I also wondered about the exact mechanisms of crossing divides, Sigmir and I had crossed the first divide without outside resources, well, outside of the perception-potion I had used, whereas Adra and Ylva had taken in power from an outside source to cross over. Sigmir had described her crossing as a harrowing trial posed by the system, in which she had to overcome a core weakness of her class and control her rage, while I had needed to create a connection with something outside myself, which would remain linked to me.

On the other hand, Adra had quite literally stolen the power from another dryad, and maybe also from the Devourer we had killed before, crossing the divide in a different manner. I had a theory that Adra had created her domain internally, similar to the way she would have linked to a tree as a dryad, but with some sort of incorporeal spirit-tree. The idea had emerged when I had seen her manifest a ghostly tree to suck up the power from the dryad’s crystal-tree-hybrid.
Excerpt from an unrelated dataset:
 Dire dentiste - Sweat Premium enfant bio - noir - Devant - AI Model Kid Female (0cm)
I had yet to ask her about the specifics, remembering Sigmir’s warning about politeness.

As I was thinking about it, maybe that was the link, when Ylva had crossed over, she had also summoned a ghostly phantom, for her it had been a wolf, and absorbed an outside resource before she had been able to cross over. I would try to find out more, without offending my friends.

We were on a small rise in the foothills of the northern mountain-range, looking down towards Yaksha, still a few hours away from the town. My first impression of Yaksha was confused,the location seemed a little strange. Relatively close by, were two mountain-ranges and the city was almost exactly in the middle, not using the natural barriers provided by the mountains to increase the city’s defense, something I had assumed logical.
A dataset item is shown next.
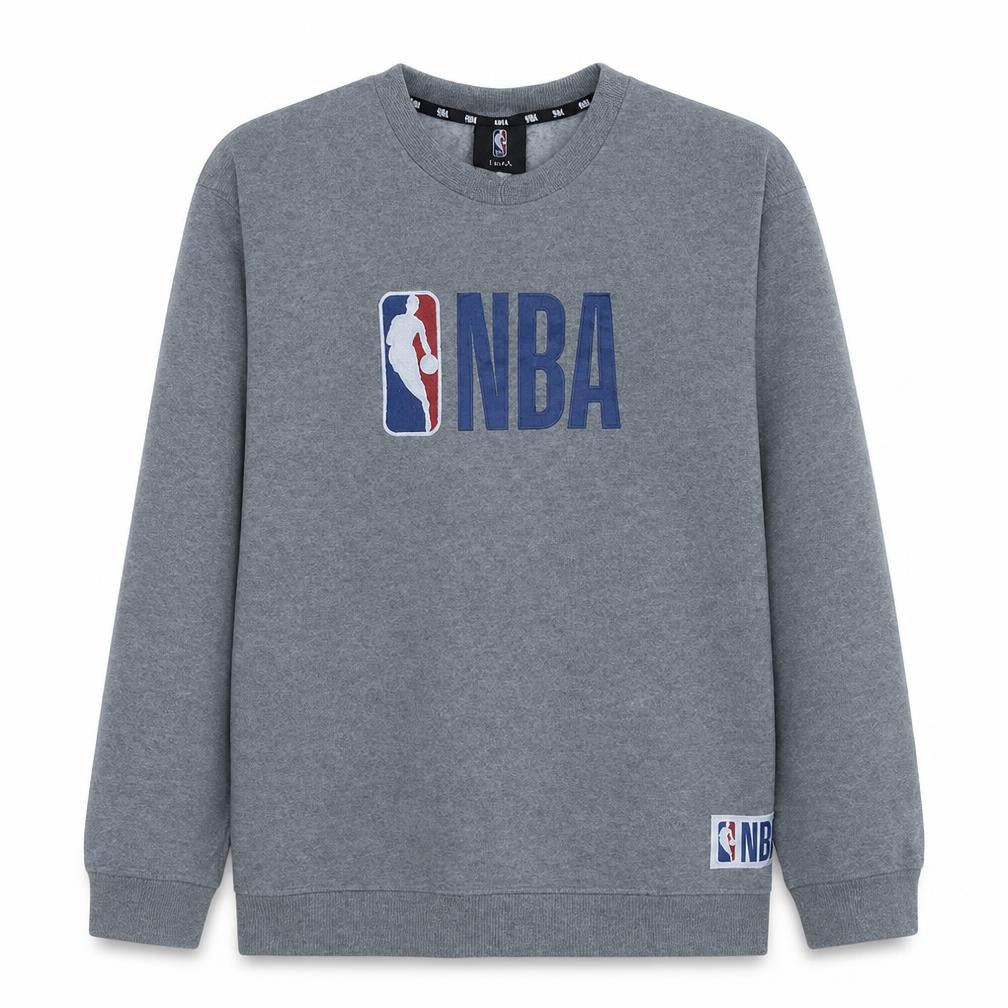NBA Boys Grey Cotton Blend Crew Neck Sweatshirt Size 14 Youth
The city was protected by a small, wooden wall, no higher than three meters, something I could not really take as serious protection, each of us would easily be able to jump over it or outright destroy it and I highly doubted that we were the top of the food chain in these parts. Around the wall, the forest had been cut back creating a kilometer or two of cleared land, probably used as fields during the short summer, making it impossible to sneak up on the city.

From our higher position, we were able to make out a small road or maybe a wagon-path towards the town from the west and the larger road towards Yari passed the town on the east-side but did not seem to enter its walls, making it a curious construction. It might have something to do with tolls or something similar but I had no way of knowing that.

Soon, we returned to the forest, cutting my vision off as we headed towards the path we had seen, intend on continuing our journey on an easier route, even if the difference was minute at that point. While there was always the danger of bandits preying on travellers on an established route, I highly doubted that we would have problems like that so far from civilisation, there was simply not enough trade to made banditry even remotely viable.

A few hours later, we exited the forest and moved onto the cleared area around Yaksha and with a small nudge, Lenore obliged my curiosity, left her Hallow and took flight, allowing me to gain a better perspective of the town. From above, it seemed like a jumbled mess of buildings, hazhaphardly strewn within the walls and around a central square, most likely a market place. There were a few more small squares centered around what appeared to be wells, a necessity in a city without an obvious water source.

Another thing I noticed was that there were platforms on multiple of the bigger houses, with small ladders allowing access. I highly doubted that anyone had a roof-deck for recreational use, not in the local climate that ranged from ‘mildly warm’ to ‘lose body parts to frostbite’, even if there was a bit of humour in the image of one of the local women, in a bikini, lying on the roof, trying to get a tan. Mostly due to absurdity.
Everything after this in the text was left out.